Department of Orthopaedic Surgery, Juntendo University Urayasu Hospital, 2-1-1 Tomioka, Urayasu City, Chiba, 279-0021, Japan.
Department of Orthopaedic Surgery, Juntendo University Nerima Hospital, 3-1-10 Takanodai, Nerima-ku, Tokyo, 177-8521, Japan.
J Orthop Sci. 2023 Mar;28(2):380-384. doi: 10.1016/j.jos.2021.12.009. Epub 2022 Jan 6.
Several studies in older patients with femoral neck fracture found that preoperative anemia and malnutrition were associated with higher mortality and poorer physical function. Therefore, we compared nutritional status, Hb level, and renal function in women with femoral neck fracture and women of the same age with osteoarthritis of the hip joint.
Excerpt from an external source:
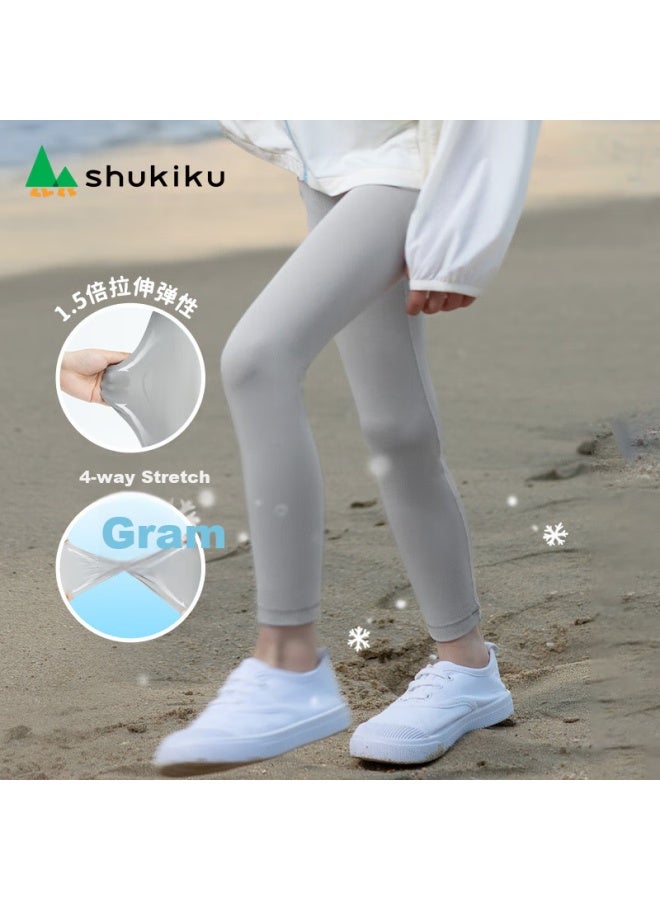 Shukiku سروال ليغينغ للأطفال من شوقيك بنات بنمط إحساس الجليد سروال رياضي سروال يوغا للأطفال سروال واقي من الشمس 110/53 - Image 3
We enrolled 257 women aged 70 years and older who suffered femoral neck fracture (F group) or who were scheduled to undergo total hip arthroplasty for osteoarthritis of the hip joint (OA group). The F and OA groups were further divided into 2 groups on the basis of age, ie, 74 years old and younger (F70 and OA70) and 75 years old and older (F75 and OA75). To assess whether patients had undernutrition, mortality risk, anemia, and renal dysfunction, we assessed Geriatric Nutritional Risk Index (GNRI), Hb, and eGFR.
We found a significant difference in the mean Hb levels and GNRI scores between the F75 and OA75 and F70 and OA70. Moreover, we found a moderate correlation between Hb level and GNRI score in the F75 and OA75. With respect to the GNRI category, the percentage of patients at moderate or major risk was 42.1% in the F70 group and 57.6% in the F75 group but only 1.9% in the OA70 group and 4.3% in the OA75 group.
We found that women with femoral neck fracture had significantly lower Hb levels and lower GNRI scores than women with hip OA in the same age and that anemia and undernutrition were closely linked in women aged 75 and above. Moreover, we found that more than 40% of patients with a femoral neck fracture had a moderate to major risk on the basis of their GNRI scores.
几项针对股骨颈骨折老年患者的研究发现,术前贫血和营养不良与更高的死亡率和更差的身体功能相关。因此,我们比较了患有股骨颈骨折和同龄髋关节骨关节炎的女性的营养状况、Hb 水平和肾功能。
我们纳入了 257 名 70 岁及以上患有股骨颈骨折(F 组)或因髋关节骨关节炎接受全髋关节置换术的女性(OA 组)。F 组和 OA 组根据年龄进一步分为 2 组,即 74 岁及以下(F70 和 OA70)和 75 岁及以上(F75 和 OA75)。为了评估患者是否存在营养不良、死亡风险、贫血和肾功能障碍,我们评估了老年营养风险指数(GNRI)、Hb 和 eGFR。
我们发现 F75 和 OA75 与 F70 和 OA70 之间的平均 Hb 水平和 GNRI 评分存在显著差异。此外,我们发现 F75 和 OA75 之间 Hb 水平和 GNRI 评分之间存在中度相关性。就 GNRI 类别而言,F70 组中度或重度风险的患者比例为 42.1%,F75 组为 57.6%,而 OA70 组仅为 1.9%,OA75 组为 4.3%。
我们发现,在相同年龄的女性中,患有股骨颈骨折的女性的 Hb 水平和 GNRI 评分明显低于患有髋关节骨关节炎的女性,并且 75 岁及以上的女性贫血和营养不良密切相关。此外,我们发现,根据 GNRI 评分,40%以上的股骨颈骨折患者存在中度至重度风险。